- _Records for the task_
----------------
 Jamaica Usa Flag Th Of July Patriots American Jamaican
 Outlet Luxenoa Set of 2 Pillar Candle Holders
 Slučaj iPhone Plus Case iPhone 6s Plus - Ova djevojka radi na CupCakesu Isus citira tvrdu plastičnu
----------------
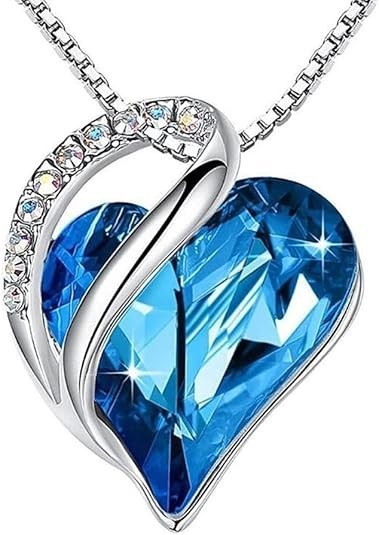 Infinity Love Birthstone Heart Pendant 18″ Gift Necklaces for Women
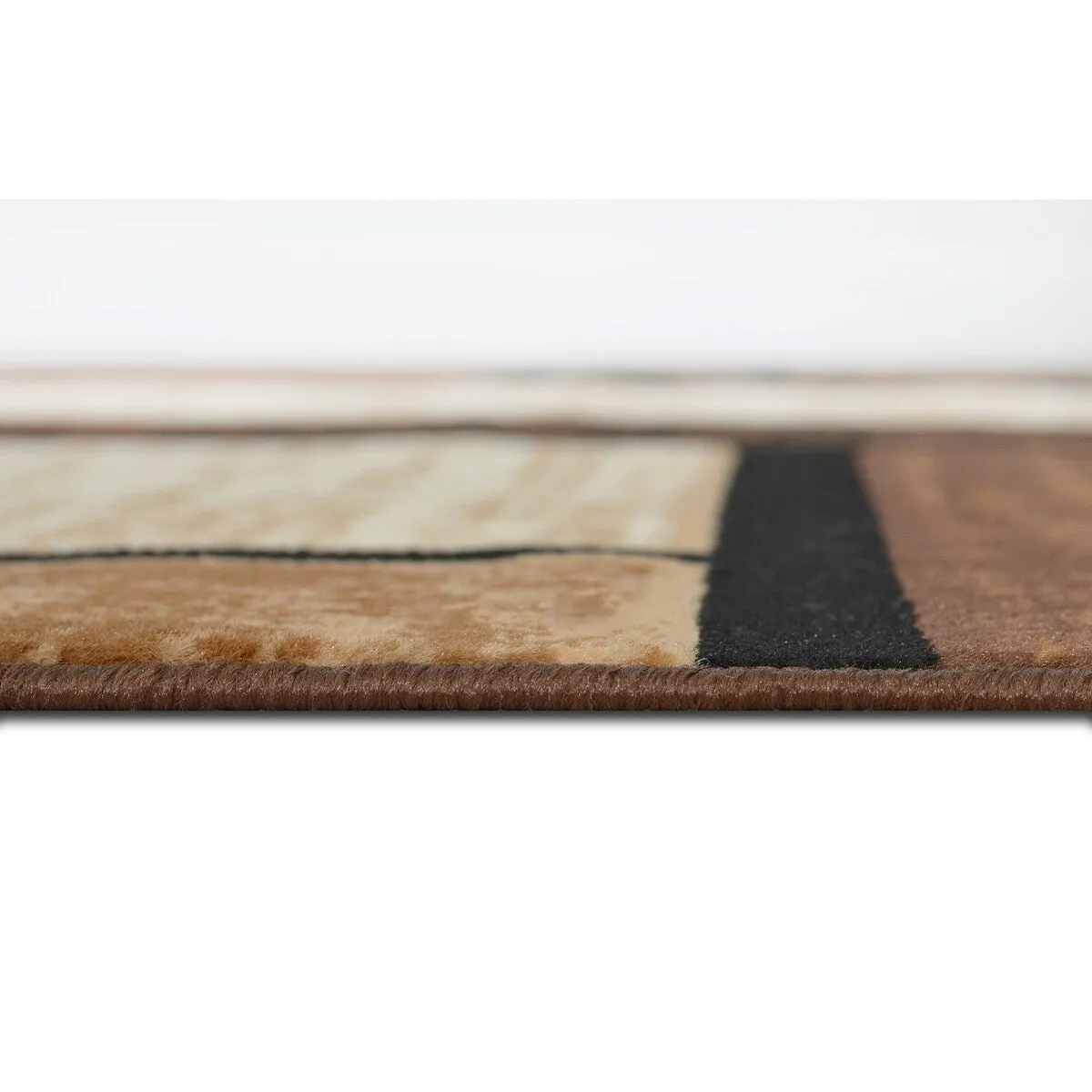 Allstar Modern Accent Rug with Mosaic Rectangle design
----------------
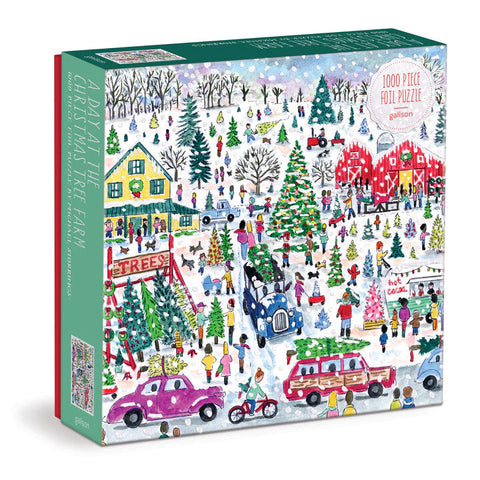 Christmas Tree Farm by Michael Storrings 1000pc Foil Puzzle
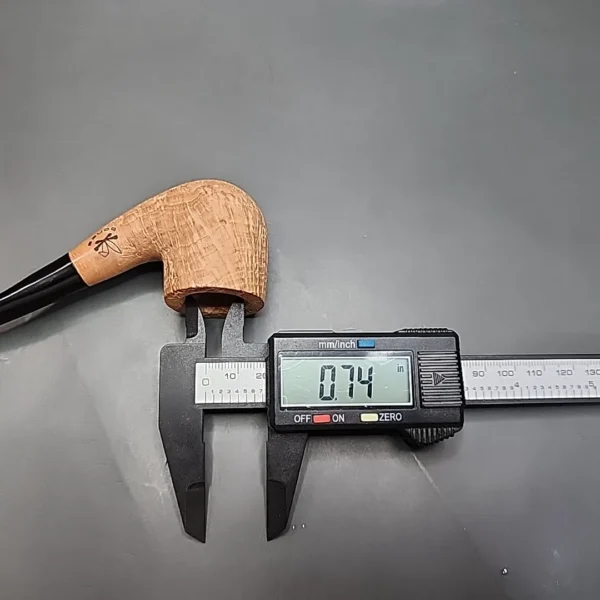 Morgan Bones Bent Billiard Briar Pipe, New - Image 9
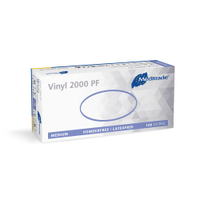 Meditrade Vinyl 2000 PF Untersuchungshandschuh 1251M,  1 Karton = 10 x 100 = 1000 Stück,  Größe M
----------------
Copy the lines above exactly, starting at the one with "Morgan Bones Bent" and ending at the one with "Meditrade Vinyl 2000", both included. Leave out any pictures and add nothing else.

- _Result of the task_
 Morgan Bones Bent Billiard Briar Pipe, New - Image 9
 Meditrade Vinyl 2000 PF Untersuchungshandschuh 1251M,  1 Karton = 10 x 100 = 1000 Stück,  Größe M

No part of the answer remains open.